Une situation qui se serait reproduite à Lille, en Isère, en Guyane, à La Réunion et à Marseille, où des délégations entières étaient soudain remplacées. “Virer toute une équipe sans préavis, sans nous laisser dire au revoir à nos jeunes, l’effet était dévastateur sur eux comme sur nous.”, déplore un ancien responsable d’antenne qui souhaite rester anonyme. “Dès qu’on commençait à ouvrir les yeux, dès qu’on interrogeait leur fonctionnement ou leur gestion financière, on était viré. On exigeait de nous qu’on soit à leur merci, de jour comme de nuit… et la collaboration s’arrêtait dès qu’on cessait de les idolâtrer." .

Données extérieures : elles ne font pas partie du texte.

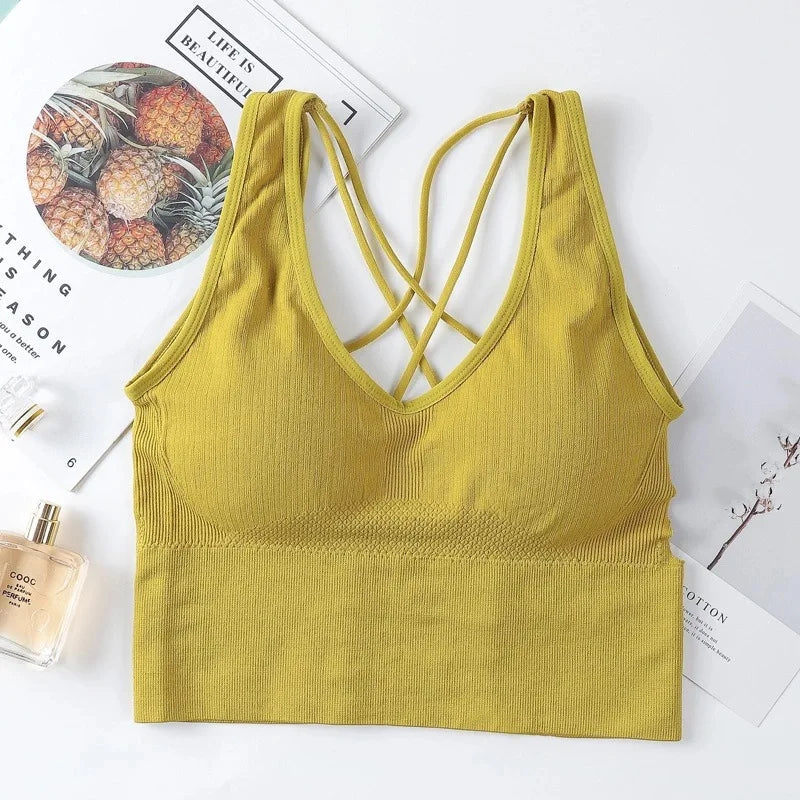 New Beauty Back Sports Bra Women Shockproof Sexy Breathable Athletic Fitness Running Gym Vest Sportswear Crop Push Up Top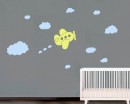 Lovely Airplane Clouds Wall Decals 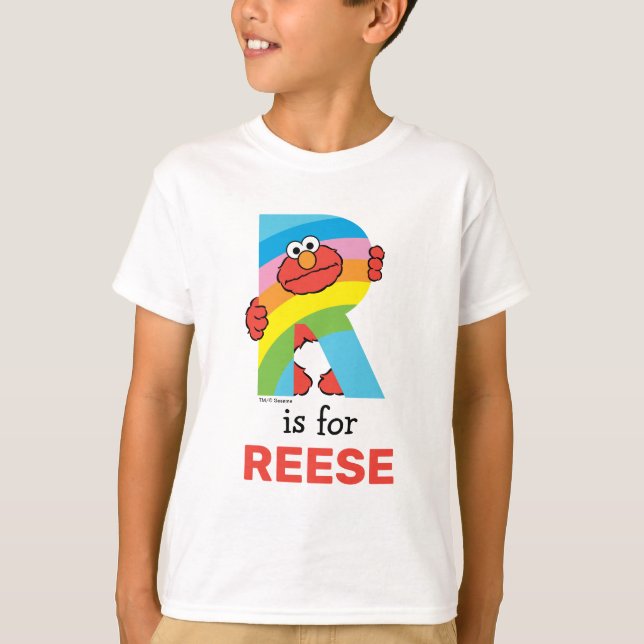 Elmo Alfabetet | R Regnbåge T Shirt (Framsida)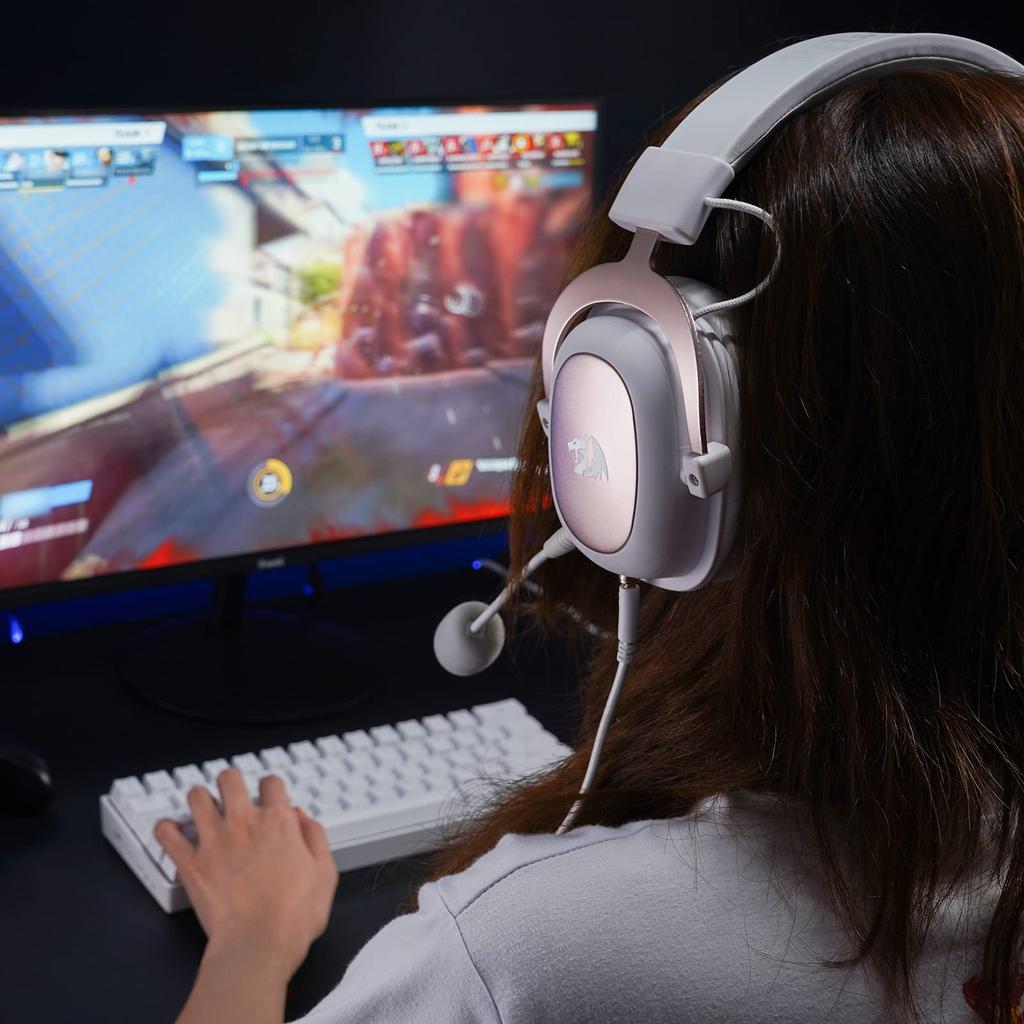 Redragon H510 Zeus White Проводная игровая гарнитура Объемный звук Амбушюры из пеноматериала с эффектом памяти 53MM Драйверы Съемный микрофон Мультиплатформенная для Xbox NS - 7.1 -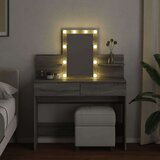  Toaletni stolić s LED svjetlima siva boja hrasta 100x40x130 cm | shoptok.hr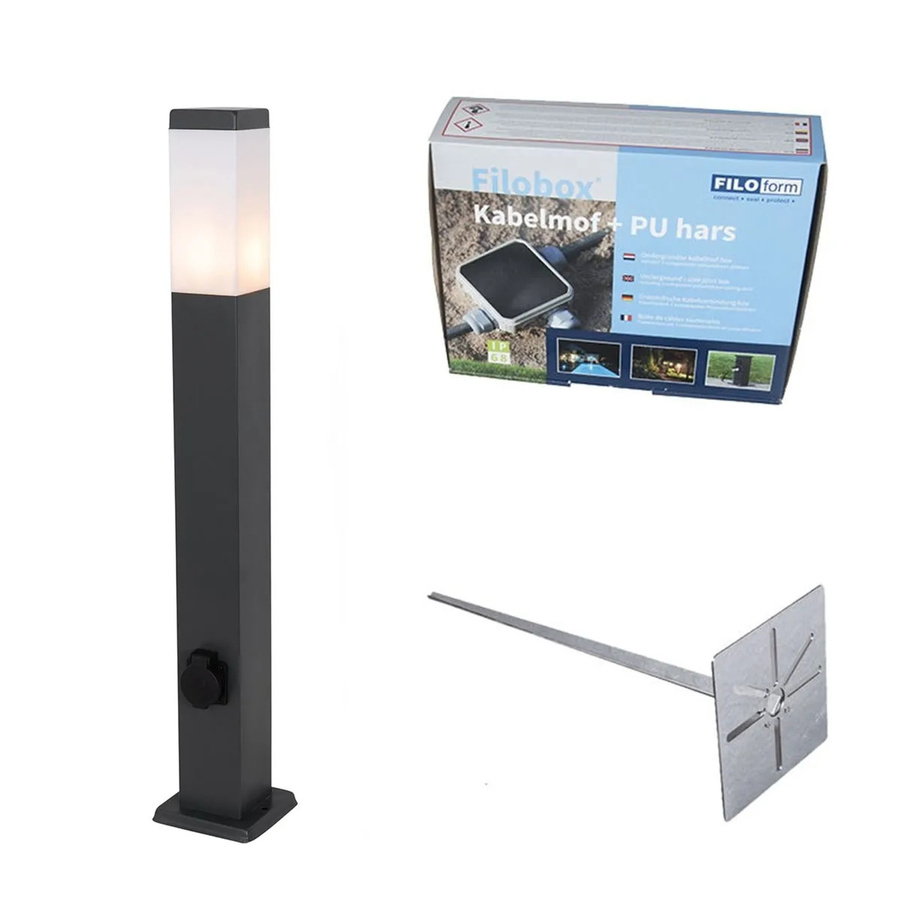 QAZQA Malios Außenleuchte Poller Dunkelgrau, Höhe: 80 cm, IP44, dimmbar - Bild 2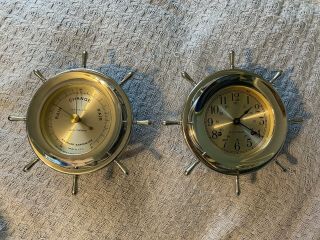 Vintage Seth Thomas Helmsman - W E537 - 001a Nickel Plated Ships Clock And Barometer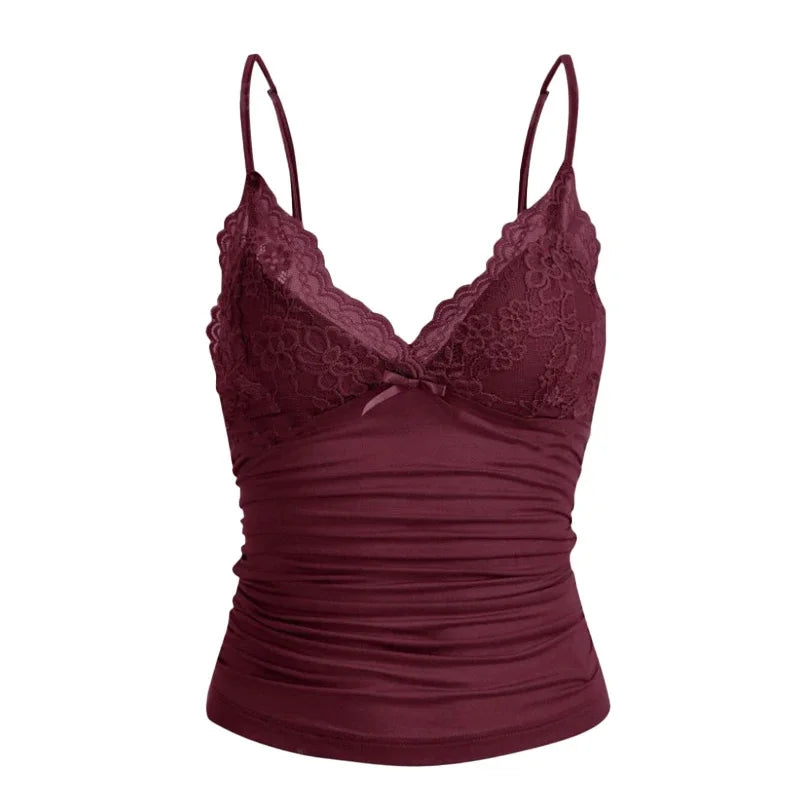 Top Curto Y2K | Decote V, Renda, Ajustado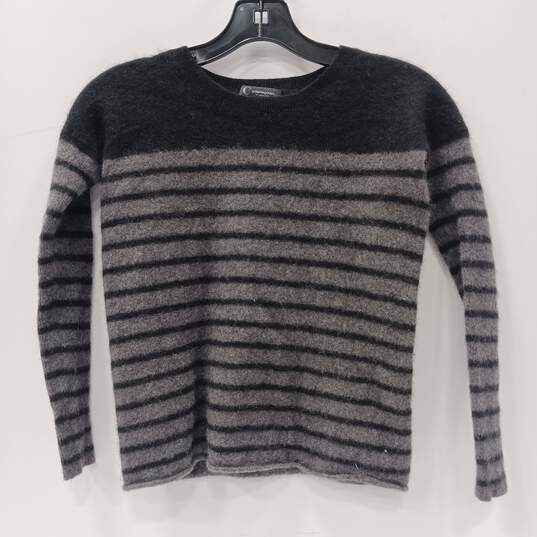 Black & Grey Striped Cashmere Sweater Size Small image number 1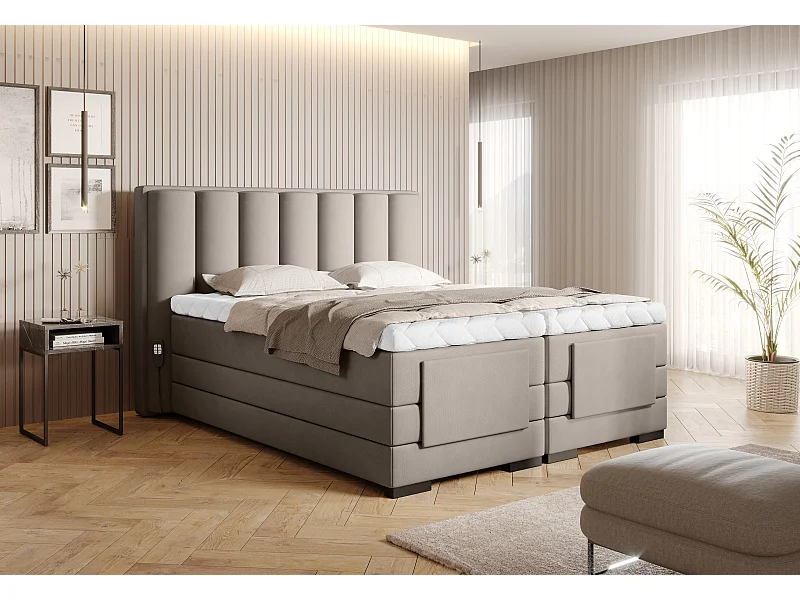Box Spring Letto Theo EL (180x200) Tessuto-beige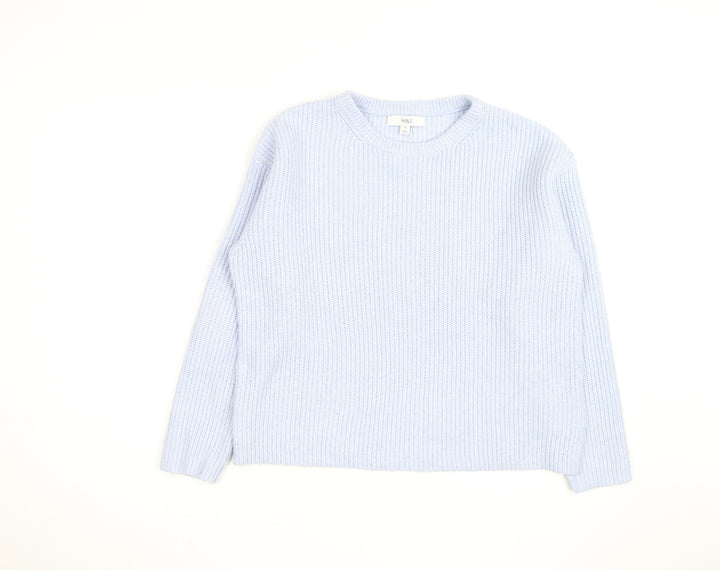Marks and Spencer Men's Blue Chunky Knit Crew Neck Jumper M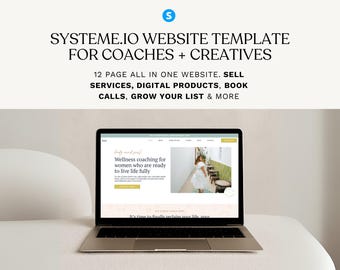 Systeme.io Website Template for Coaches, Service Providers & Course Creators. Feminine, Modern, Funnel + Sales Page Design. Premium Website.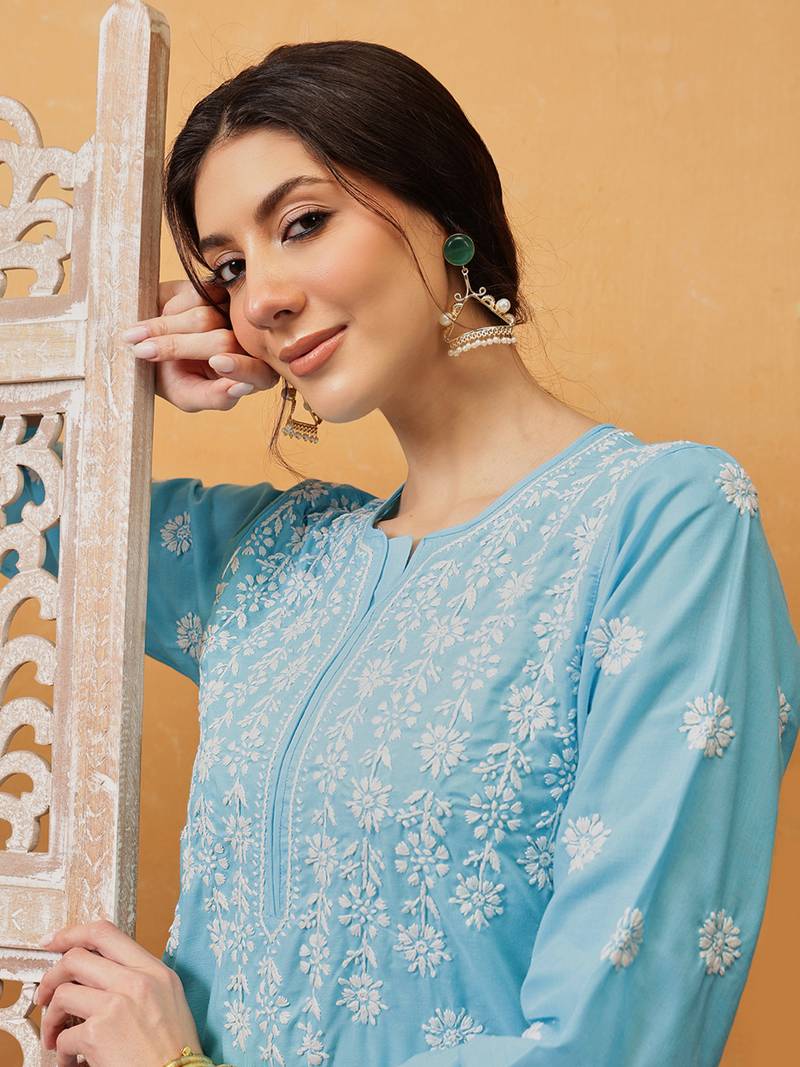 Hand Crafted Blue Cotton Lucknowi Chikankari Straight Indian Women Kurta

L’association ADAR créée pour accompagner les anciens du Refuge
Si la parole se libère aujourd’hui, c’est notamment grâce à un ancien du Refuge. Yohann Allemand y était hébergé en 2006 et quelques années plus tard, il décide de devenir bénévole pour l’association. Le jeune homme monte alors une antenne à Poitiers mais s’oppose à deux reprises à Nicolas Noguier… qui exige alors sa démission.
Extrêmement fier d’annoncer ma démission de correspondant Relais pour #lerefuge . Je m’expliquerais plus longuement sur le pourquoi mais j’ai des choses à dire. #homophobie #lgbt #transphobie pic.twitter.com/VBAFHBlS8A
— Allemand Yohann (@YohannAllemand) September 14, 2020
Et c’est ce tweet, posté par Yohann Allemand pour annoncer sa démission qui déclenche tout : “Ca a été le buzz, je ne m’y attendais pas. Mon post a été retweeté en masse et je me suis mis à recevoir des témoignages en masse : mauvaises prises en charge, jeunes renvoyés à la rue, harcèlement sexuel et même une agression sexuelle”.
Une centaine de témoignages de jeunes passés par le Refuge mais aussi de bénévoles. Yohann crée alors un collectif puis une association : l’ADAR (l’Association de Défense des Anciens du Refuge) dont le but est l’accompagnement aussi bien psychologique que judiciaire des victimes du Refuge.
“Je n’aurais jamais pu faire ça sans l’association”, se confie Pierre* qui a porté plainte pour viol, abus de confiance et abus de faiblesse contre Nicolas Noguié. “C’est très douloureux d’en parler encore aujourd’hui. Mais à l’ADAR, ils m’ont accompagné sans me mettre la pression pour aller en justice. Ça m'a beaucoup aidé de recevoir du soutien et de me rendre compte que je n’étais pas seul.”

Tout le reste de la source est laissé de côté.